Are You Ready for the iWatch Gold Rush? 4 Questions to Ask
In the six or so years since the iPhone was first introduced, consumers have spent roughly $50 billion dollars on mobile applications, and more than half of that in the last twelve months. Not surprisingly, this revenue opportunity has attracted huge investment from the Venture Capital community, reaching as high as 25% of all VC investments in certain quarters.
Needless to say, Mobile has very quickly become a very big business. While it’s difficult to compare apples to oranges, the growth of this market from non-existent to $30b in a little more than 5 years is even more impressive than the original rise of PCs in the 1980’s and 90’s. And perhaps even more remarkable was who captured that market — small shops like OMGPOP (RIP) made a killing by optimizing for mobile and moving faster than the established competition.
Now, as investment into mobile begins to level off and the industry matures, Apple could be poised to set off another tectonic shift in application development with its impending introduction of the iWatch.
iWatch probably won’t displace mobile to the same extent mobile and tablet computing have displaced desktop. A watch face is simply too small for many of the applications that have made mobile computing so successful, and it’s hard to see people ditching their phones wholesale in favor of watches.
But it’s also safe to assume that whatever share of our attention the iWatch does capture, it will capture it even more quickly than its mobile predecessor.
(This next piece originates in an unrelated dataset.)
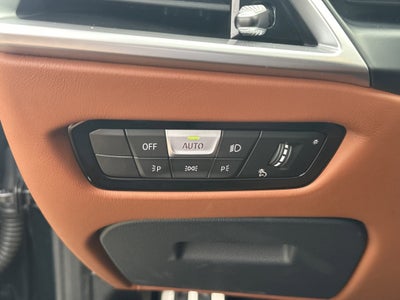 2026 BMW M3 Base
Developers have now been through this song and dance twice with Mobile and Tablet, and are going to be ready for the next screen size that comes along.
That’s why this time around, it’s even more important that you get out in front of the shift before it even takes place. You know who your competitors will be. Here are four questions you need to ask yourself while the iWatch is still a hypothetical product.
Are You Ready for the iWatch? 4 Questions to Ask Yourself
1) Do I even need a Smartwatch strategy?
Is your product mobile? Does it require frequent passive attention? Which features, if any, would fit comfortably and logically on a 1.5 inch screen?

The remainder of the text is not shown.